I always pre-soak my steel cut oats, and I sometimes pre-soak my rolled oats. In general, soaking grains is beneficial for nutrient absorption and digestibility. But I’ve found it’s not as necessary with rolled oats. They absorb water quickly and cook quickly andthey’re an easily digestible grain. So I didn’t pre-soak my oats this time, but you can check out this banana oatmeal recipe if you want to pre-soak your rolled oats.
I like to use Bob’s Red Mill Organic Rolled Oats, Redmond Real Salt, Kirkland Saigon Cinnamon, and Kirkland Organic Maple Syrup.
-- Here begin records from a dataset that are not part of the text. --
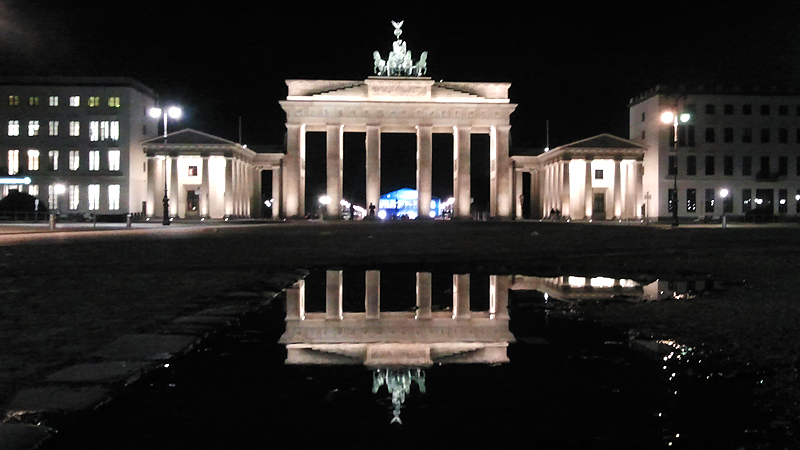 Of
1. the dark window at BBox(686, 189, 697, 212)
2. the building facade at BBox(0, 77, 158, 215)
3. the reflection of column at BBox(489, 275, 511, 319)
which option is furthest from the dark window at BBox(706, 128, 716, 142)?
the reflection of column at BBox(489, 275, 511, 319)

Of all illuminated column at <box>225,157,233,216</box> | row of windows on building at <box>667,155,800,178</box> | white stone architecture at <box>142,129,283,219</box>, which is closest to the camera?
illuminated column at <box>225,157,233,216</box>

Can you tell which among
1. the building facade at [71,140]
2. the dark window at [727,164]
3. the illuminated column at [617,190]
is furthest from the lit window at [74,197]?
the dark window at [727,164]

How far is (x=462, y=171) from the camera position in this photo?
2948 inches

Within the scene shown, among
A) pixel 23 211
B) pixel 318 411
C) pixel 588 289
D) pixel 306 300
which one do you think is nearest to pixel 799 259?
pixel 588 289

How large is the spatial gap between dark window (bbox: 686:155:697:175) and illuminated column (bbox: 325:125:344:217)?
36957mm

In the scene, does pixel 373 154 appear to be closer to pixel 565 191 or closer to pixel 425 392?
pixel 565 191

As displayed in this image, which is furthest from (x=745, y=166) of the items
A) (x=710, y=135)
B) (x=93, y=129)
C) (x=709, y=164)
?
(x=93, y=129)

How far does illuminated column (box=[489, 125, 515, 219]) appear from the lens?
7481cm

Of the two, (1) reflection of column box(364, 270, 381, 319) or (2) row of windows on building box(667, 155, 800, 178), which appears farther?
(2) row of windows on building box(667, 155, 800, 178)

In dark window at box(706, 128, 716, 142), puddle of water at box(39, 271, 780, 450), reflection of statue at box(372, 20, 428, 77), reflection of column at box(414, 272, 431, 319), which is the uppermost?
reflection of statue at box(372, 20, 428, 77)

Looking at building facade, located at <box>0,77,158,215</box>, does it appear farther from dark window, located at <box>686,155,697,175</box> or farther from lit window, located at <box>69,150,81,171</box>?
dark window, located at <box>686,155,697,175</box>

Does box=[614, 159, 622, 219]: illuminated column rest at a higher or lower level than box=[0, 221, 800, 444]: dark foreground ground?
higher

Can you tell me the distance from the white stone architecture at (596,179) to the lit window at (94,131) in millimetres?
47653

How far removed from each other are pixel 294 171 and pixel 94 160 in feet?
69.4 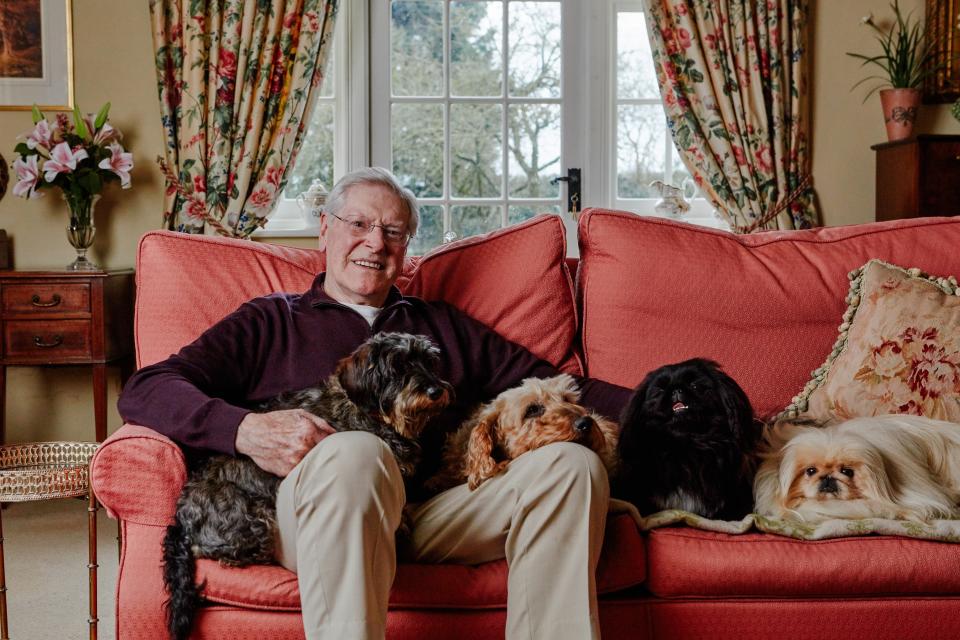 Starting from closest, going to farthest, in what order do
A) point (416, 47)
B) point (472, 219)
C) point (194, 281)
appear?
point (194, 281), point (416, 47), point (472, 219)

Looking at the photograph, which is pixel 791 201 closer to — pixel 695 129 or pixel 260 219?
pixel 695 129

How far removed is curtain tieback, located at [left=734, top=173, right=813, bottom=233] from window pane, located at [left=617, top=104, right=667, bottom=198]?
532 mm

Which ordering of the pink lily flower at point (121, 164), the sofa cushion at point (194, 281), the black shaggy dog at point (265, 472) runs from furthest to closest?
the pink lily flower at point (121, 164) → the sofa cushion at point (194, 281) → the black shaggy dog at point (265, 472)

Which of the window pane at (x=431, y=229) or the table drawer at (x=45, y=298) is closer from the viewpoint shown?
the table drawer at (x=45, y=298)

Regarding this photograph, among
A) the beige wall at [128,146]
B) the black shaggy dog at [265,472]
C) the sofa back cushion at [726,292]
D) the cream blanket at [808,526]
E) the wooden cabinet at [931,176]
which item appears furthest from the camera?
the beige wall at [128,146]

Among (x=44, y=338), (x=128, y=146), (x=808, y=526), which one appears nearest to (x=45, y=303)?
(x=44, y=338)

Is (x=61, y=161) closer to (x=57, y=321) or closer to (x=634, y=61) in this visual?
(x=57, y=321)

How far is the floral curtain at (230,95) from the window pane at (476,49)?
2.03ft

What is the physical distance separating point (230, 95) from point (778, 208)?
242 centimetres

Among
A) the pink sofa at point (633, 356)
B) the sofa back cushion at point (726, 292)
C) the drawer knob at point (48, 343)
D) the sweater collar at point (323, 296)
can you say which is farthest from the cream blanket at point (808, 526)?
the drawer knob at point (48, 343)

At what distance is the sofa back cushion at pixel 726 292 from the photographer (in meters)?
2.44

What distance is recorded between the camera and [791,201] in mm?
4039

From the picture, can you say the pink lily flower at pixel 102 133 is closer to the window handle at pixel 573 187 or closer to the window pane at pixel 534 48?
the window pane at pixel 534 48

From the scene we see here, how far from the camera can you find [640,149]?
432 cm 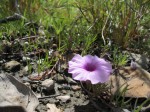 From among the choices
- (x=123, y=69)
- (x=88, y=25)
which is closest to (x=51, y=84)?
(x=123, y=69)

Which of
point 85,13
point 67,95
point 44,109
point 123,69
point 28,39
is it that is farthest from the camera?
point 85,13

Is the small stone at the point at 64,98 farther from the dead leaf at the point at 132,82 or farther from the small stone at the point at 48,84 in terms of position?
the dead leaf at the point at 132,82

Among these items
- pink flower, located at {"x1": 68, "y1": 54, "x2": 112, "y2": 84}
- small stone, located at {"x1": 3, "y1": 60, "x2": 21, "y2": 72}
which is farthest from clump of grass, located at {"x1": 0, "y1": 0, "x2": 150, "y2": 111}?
pink flower, located at {"x1": 68, "y1": 54, "x2": 112, "y2": 84}

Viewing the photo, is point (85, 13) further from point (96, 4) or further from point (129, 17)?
point (129, 17)

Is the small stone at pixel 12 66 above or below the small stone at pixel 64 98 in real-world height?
above

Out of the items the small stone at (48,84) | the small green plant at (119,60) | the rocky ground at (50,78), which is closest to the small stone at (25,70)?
A: the rocky ground at (50,78)

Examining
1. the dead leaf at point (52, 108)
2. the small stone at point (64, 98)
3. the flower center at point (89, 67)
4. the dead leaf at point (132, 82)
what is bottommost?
the dead leaf at point (52, 108)

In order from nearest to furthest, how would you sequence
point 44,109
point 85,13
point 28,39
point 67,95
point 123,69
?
point 44,109 < point 67,95 < point 123,69 < point 28,39 < point 85,13

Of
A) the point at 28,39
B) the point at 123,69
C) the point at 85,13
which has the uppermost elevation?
the point at 85,13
You can find persimmons at Costco, most grocery stores, and the best persimmons at Asian markets. And I like to add raw whole milk that I purchase at Real Foods Market.
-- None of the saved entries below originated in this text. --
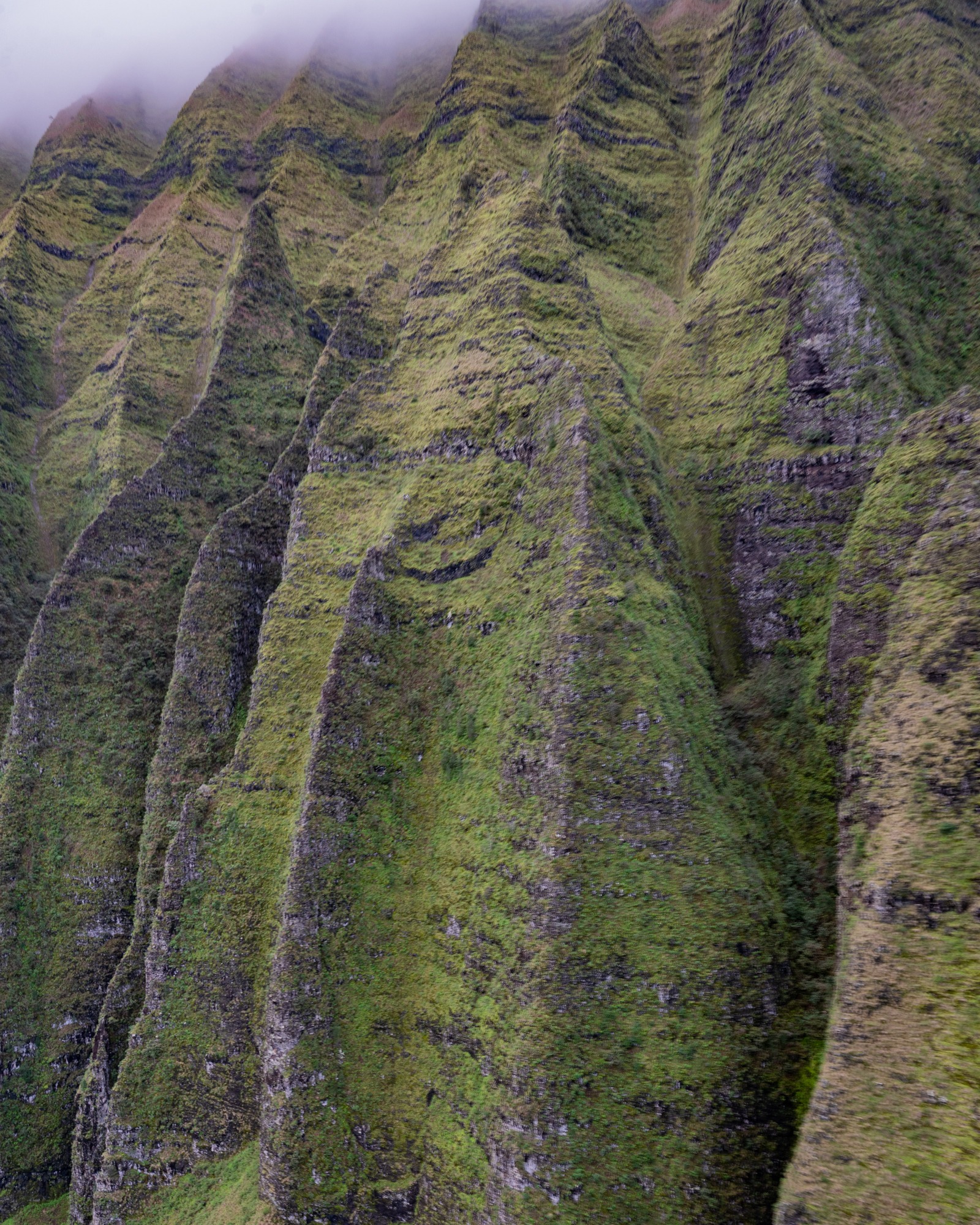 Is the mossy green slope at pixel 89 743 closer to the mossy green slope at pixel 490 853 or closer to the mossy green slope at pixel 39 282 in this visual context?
the mossy green slope at pixel 39 282

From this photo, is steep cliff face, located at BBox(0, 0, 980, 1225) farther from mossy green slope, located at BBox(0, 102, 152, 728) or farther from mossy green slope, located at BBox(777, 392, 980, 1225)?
mossy green slope, located at BBox(0, 102, 152, 728)

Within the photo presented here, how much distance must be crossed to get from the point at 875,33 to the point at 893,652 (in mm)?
60508

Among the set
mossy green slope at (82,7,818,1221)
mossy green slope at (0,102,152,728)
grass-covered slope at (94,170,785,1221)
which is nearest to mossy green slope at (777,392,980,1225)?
mossy green slope at (82,7,818,1221)

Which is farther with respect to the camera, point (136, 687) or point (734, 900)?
point (136, 687)

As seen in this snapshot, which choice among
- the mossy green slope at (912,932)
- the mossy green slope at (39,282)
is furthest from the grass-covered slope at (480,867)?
the mossy green slope at (39,282)

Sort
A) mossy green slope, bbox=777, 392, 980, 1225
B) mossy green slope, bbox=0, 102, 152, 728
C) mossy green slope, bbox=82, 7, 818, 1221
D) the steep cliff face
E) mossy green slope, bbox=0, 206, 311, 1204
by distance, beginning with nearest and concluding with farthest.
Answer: mossy green slope, bbox=777, 392, 980, 1225 → the steep cliff face → mossy green slope, bbox=82, 7, 818, 1221 → mossy green slope, bbox=0, 206, 311, 1204 → mossy green slope, bbox=0, 102, 152, 728

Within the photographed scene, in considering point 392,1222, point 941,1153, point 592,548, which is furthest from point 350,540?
point 941,1153

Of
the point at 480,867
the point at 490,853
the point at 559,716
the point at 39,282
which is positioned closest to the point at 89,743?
the point at 480,867

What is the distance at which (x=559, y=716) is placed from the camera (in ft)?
86.4

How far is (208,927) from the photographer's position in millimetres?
33281

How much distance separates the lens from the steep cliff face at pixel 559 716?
70.0 feet

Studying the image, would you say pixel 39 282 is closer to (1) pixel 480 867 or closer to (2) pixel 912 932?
(1) pixel 480 867

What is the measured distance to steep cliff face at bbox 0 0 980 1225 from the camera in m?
21.3

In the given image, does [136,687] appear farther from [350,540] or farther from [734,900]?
[734,900]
If you don’t want to roast your persimmons, you can simply slice them up and add them to your oatmeal fresh. I like that way too!
- 2 cups water
- ¼ tsp unrefined sea salt
- 1 cup organic rolled oats
- 1 fuyu persimmon
- ½ cup whole pecans
- whole milk or cream
- real maple syrup
- Heat a pot over medium heat and add water and salt.
- When the water is boiling, add the rolled oats.
- Turn heat to low and simmer the oats for 10 minutes, or until the water is mostly absorbed.
- Remove from heat and cover.
- While the oatmeal is cooking, quarter and peel the persimmon.
- Cut it into about 12 slices and place on a baking sheet.
- Add the pecans to the baking sheet.
- Sprinkle cinnamon over the persimmons and pecans.
- Turn the broiler on in your oven.
- Place the pan on the middle rack and cook for about 6-8 minutes, or until persimmons are caramelizing.
- Let the persimmons and pecans cool slightly and chop them into smaller pieces.
- Divide the oatmeal into two bowls and top with persimmons, pecans, whole milk or cream, and a little bit of maple syrup.